Pelas 21h15, as primeiras mulheres começam a quebrar a pacatez do largo junto à igreja de S. Victor. Já se conhecem de anos anteriores. É Vera Barros quem abre o portão do Centro Paroquial. É também ela que orienta e organiza as tarefas. Numa pequena sala, atolada de tecidos, linhas, tesouras, máquinas de costura e outras marcas de trabalho, todas sabem o posto que devem ocupar. Cortar, alinhavar, costurar, engomar, tratar dos registos. Cada uma sabe o que tem a fazer.

É Adelina Vieira quem manobra, com traquejo, a máquina de costura. Já o faz há quase 20 anos. Depois de cortados e alinhavados pelas colegas, os tecidos passam para as suas mãos. Ao lado da mesa onde trabalha, repousa uma máquina mais moderna, a motor. Mas Adelina prefere «dar ao pedal». Não se dá com as máquinas novas. É com precisão que aos 75 anos continua a enfiar a linha na agulha à primeira tentativa. Aprendeu a arte com a mãe. Mais tarde, aperfeiçoou a técnica com uma mestre. «Era assim que se chamava antigamente», diz. Quando Vera a chama, lá vem «fazer o serãozito». Fá-lo com gosto. E é com uma vaidade confessa que afirma: «Tenho jeito». Praticamente todos os fatos passam pelas suas mãos antes da procissão. «Quase que mexo neles todos, nem que seja para consertar, vem quase tudo parar à minha mão», conta.

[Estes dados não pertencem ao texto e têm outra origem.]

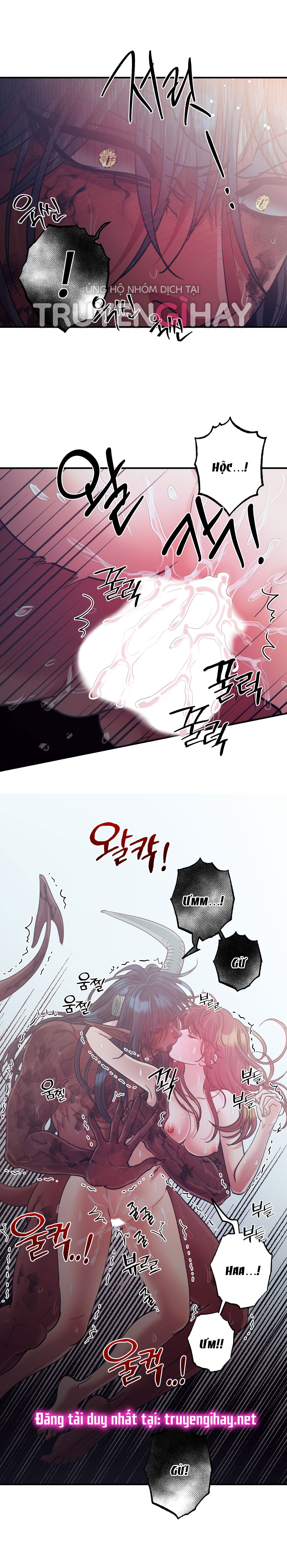 [18+] một lòng một dạ chapter 43.2 5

Entre tecidos, linhas, agulhas e tesouras há apenas uma costureira de profissão. Teresa Correia é a única «com olho» para marcar o tecido e recortar, dizem as parceiras. «É a prática», acrescenta Teresa, com modéstia.

Em frente ao computador está Isabel Moreira. Embora em anos anteriores já tenha passado a ferro, alinhavado ou costurado, agora está encarregada dos registos. «Aqui é o registo das crianças que estão inscritas», diz, enquanto aponta para a tabela no computador com o nome das crianças e as medidas para os fatos. «Cada criança tem que estar presente em três ensaios antes da procissão, e num deles faz a prova do fato», explica.

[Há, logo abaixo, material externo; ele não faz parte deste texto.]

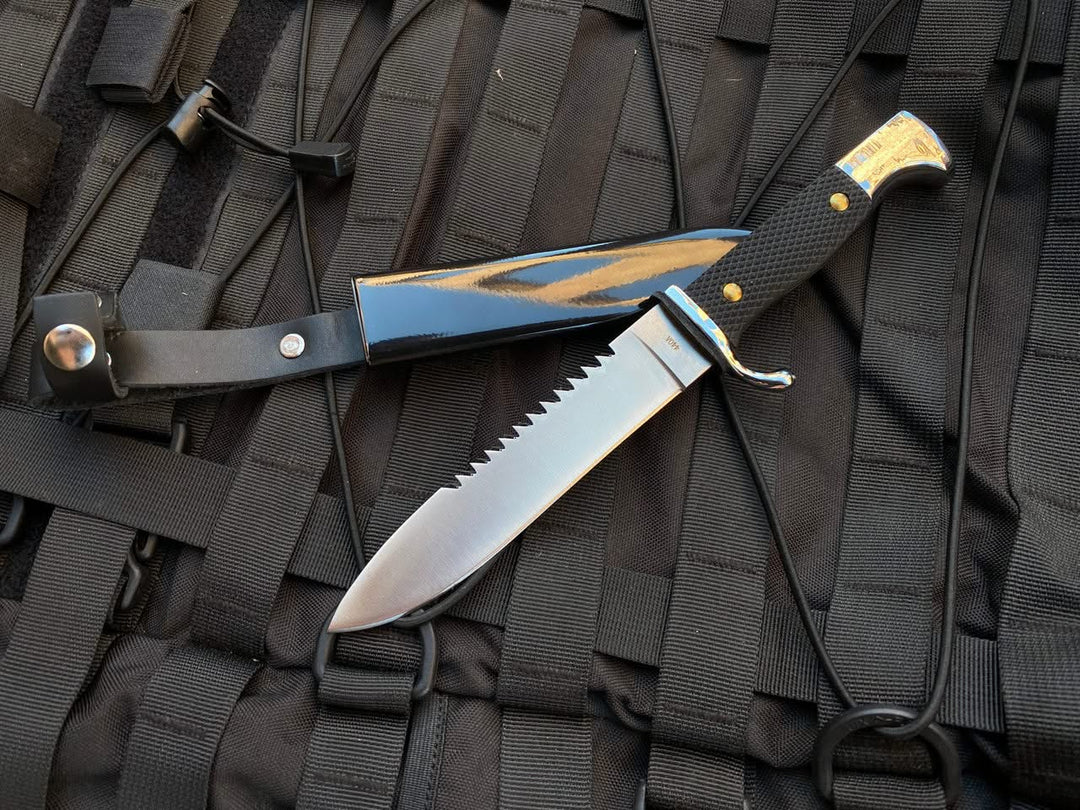 Boker German Scout Knife - Coutellerie Marcin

No salão, ao fundo do corredor, passa-se a ferro. Antes disso já as voluntárias levaram os fatos para casa, para lavar. Há duas, três ou quatro mulheres a engomar, «conforme os dias», diz Paula Reis, com o ferro na mão, sem despregar os olhos do tecido. No cabide, são vários os fatos já prontos. Há, porém, outros tantos por engomar. Afinal, são cerca de mil os figurantes a acompanhar «a burrinha» que carrega a representação de Nossa Senhora do Egito.

 

«Uma procissão do povo, para o povo, feita pelo povo»

«Vera, quero trabalho. Está tudo a postos», diz uma das voluntárias ao entrar na sala. Antes de deitar mãos à obra, os fatos do ano anterior são revistos. Trata-se dos fatos antigos e fazem-se novos. Todos os anos há algo feito de raiz. Este ano, por exemplo, terão mais dois profetas para além de Isaías, dois figurantes com fatos a estrear. As crianças da catequese levam um pormenor diferente de ano para ano. Desta feita, vão vestidas com uma túnica branca e uma gola azul. «Como este é o ano da Fé Contemplada, a figura principal é Maria, que no cartaz do Ano Pastoral aparece em tons de azul e branco, por isso as vestes das crianças são nesses tons», explica Vera.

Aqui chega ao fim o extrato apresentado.